Independent’s Day

Student Union Council Candidates Want Change

With no budgets or glossy posters and without the support of the dozens of candidates that make up one of the two political machines running in the year’s Concordia Student Union election, three independent candidates are nonetheless throwing their hats in the ring.

Competing with two slates containing most of Concordia’s political heavyweights, relative newcomers Alex Matak, Kelly Pennington and Justin Famili are tapping into the frustration students feel over partisan politics.

During her time as a volunteer with the People’s Potato and with the People’s Campus Coalition, Matak said she noticed a disconnect between students and their elected representatives.

“When you talk to some of the 90 per cent of students that don’t vote in CSU elections, you usually get the same kind of response,” said Matak. “They don’t really know what the CSU is and they say they don’t care but if you listen to them for long enough it’s that they don’t feel represented.”

Concordia’s political scene has long been dominated by moderate voices, said Matak, she blames this phenomenon on the nature of party politics.

“You contain yourself if you know that your words could impact the people you’re running with,” she said. “And I don’t think that with the university’s crisis in governance, with tuition fees rising, now is the time to be moderate.”

While running unaffiliated, Matak has collaborated heavily with Pennington. With the help of friends, they made posters that challenge the conventional glossy look that dominates the university’s hallways.

“The idea is to show students things can be different,” said Pennington. “Council was so dominated by one party this year and even if it’s split along party lines, a lot of voices get left out.”

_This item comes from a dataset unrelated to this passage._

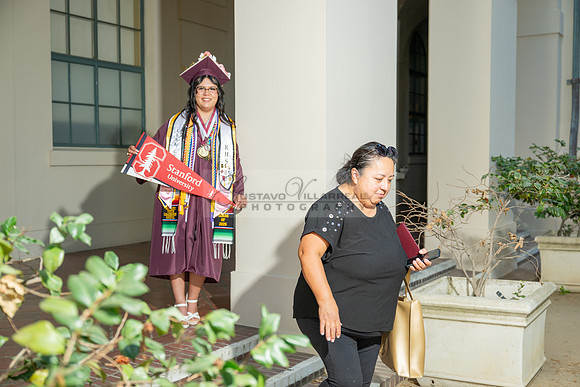 Alexis DiPrima, graduation photoshoot at Rosemead High School in Rosemead Ca, by Gustavo Villarreal Photography, 323-633-8283, www.gustavovillarreal.com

Pennington and Matak said their desire to run for office was, in part, sparked with their involvement in organizing the WHALE—an assembly that had 1,200 Concordia students uniting against tuition increases in the midst of cold temperatures and heavy snowfalls.

“The idea is to show students things can be different,”
–Kelly Pennington,
Independent Candidate

When former CSU VP and current Your Concordia hopeful Morgan Pudwell, one of the architects of the WHALE, came under fire during a March 9 Council meeting, Matak said it provided her with the final push to want to run in the elections.

“It was telling of the kind of people they were to see how they treated [Pudwell] after she organized such a successful event,” said Matak.

Famili was a deputy electoral officer during the Arts and Science Federation of Associations elections. After assisting in the regulation of the election, Famili decided to run for office to represent the voice of “average Concordia students.”

“I was disappointed with the CSU this year,” he said. “They pushed for a student centre project that no one wanted. If I’m elected I want to look into the student centre contract the CSU has with the administration and see how we can modify it or where we can divert the money already collected from students.”

Although the three candidates are unaffiliated, they are all clamoring for change after a year marked with strained relations between the CSU and certain factions within the university’s student body.